Why are Carmichael Numbers less common with an arithmetic progression

Question

I have looked at the list of Carmichael numbers less than $1.4*10^{15}$, observing most of them are of the form $12n+1$. That is up to a certain number, $N$, there are more Carmichael numbers of the form $12n+1$ than $12n-1$ (or any other form such as $12n+3,5,7,9$) does anyone know why this is? That is comparing forms $12n+1$, $12n-1$ and all the Carmichael numbers less than $1.4*10^{15}$, the Carmichael of the form $12n+1$ outnumber the ones of the form $12n-1$ easily.
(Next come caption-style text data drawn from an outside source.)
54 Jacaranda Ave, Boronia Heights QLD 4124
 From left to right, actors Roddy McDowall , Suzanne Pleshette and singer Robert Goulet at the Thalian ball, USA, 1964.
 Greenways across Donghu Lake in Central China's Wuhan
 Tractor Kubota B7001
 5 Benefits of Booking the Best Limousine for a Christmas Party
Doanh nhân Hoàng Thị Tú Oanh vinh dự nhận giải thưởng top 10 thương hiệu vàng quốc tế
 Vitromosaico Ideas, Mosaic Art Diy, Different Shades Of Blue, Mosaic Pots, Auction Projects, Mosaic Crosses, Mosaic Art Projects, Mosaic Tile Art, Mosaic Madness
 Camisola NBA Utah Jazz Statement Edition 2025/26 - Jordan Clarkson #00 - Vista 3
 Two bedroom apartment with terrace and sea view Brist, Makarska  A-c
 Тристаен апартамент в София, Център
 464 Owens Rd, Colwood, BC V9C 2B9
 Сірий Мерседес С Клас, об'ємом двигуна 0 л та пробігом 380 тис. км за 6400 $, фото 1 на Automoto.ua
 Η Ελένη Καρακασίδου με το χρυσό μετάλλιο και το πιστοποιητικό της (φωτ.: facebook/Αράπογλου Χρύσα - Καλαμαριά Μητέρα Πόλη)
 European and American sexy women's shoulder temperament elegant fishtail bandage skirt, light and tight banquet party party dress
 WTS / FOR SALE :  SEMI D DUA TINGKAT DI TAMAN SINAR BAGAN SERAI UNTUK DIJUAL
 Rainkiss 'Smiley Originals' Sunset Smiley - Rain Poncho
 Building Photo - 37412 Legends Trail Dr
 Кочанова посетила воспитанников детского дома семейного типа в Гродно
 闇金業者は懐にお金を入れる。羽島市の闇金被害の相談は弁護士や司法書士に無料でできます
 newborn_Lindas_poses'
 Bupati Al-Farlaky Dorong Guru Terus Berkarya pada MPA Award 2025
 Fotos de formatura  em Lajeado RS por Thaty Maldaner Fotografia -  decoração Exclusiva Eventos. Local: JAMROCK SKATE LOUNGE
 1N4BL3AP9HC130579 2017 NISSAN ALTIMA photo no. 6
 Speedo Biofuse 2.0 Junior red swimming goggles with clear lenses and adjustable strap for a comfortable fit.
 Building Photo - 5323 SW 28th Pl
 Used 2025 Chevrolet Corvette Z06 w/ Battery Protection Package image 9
I would suspect that is because a Carmicheal number $N$ $=$ $pqr$ with two prime factors $p$ $=$ $5$ $\pmod {12}$ and $q$ $=$ $7$ $\pmod {12}$ must be $1$ $\pmod {12}$. In fact, if $p$ $=$ $1$ $\pmod {12}$, no matter what $q$ is except for $2$ and $3$, $N$ will still be $1$ $\pmod {12}$. Can anyone come of with more heuristics and or arguments to support this? Again, there are infiniely many Carmichael numbers of the form(s) $12n+1, 3, 5, 7, 9, 11$. (The first Carmichael number of the form $12n+1$ is $1105$ followed by $1729$.) Conjecture is that for numbers $N$ $>$ $1729$, there will always be more Carmichael numbers of the form $12n+1$ than any other form $12n+k$ less than $N$.

Answer 1

It is because of Korselt's criterion on Carmichael numbers, namely that for any prime p dividing N, p-1|N-1. Therefore, if N is not equal to 12n+1, then no prime of the form 12n+1, can divide n. More specifically, either 3 or 4 does not divide N, therefore either no prime of the form 3n+1 can divide N, or no prime of the form 4n+1 can divide N. Either way, this rules out half of all possible prime divisors (three quarters if N=12n-1), making Carmichael numbers not of the form 12n+1 much more rare.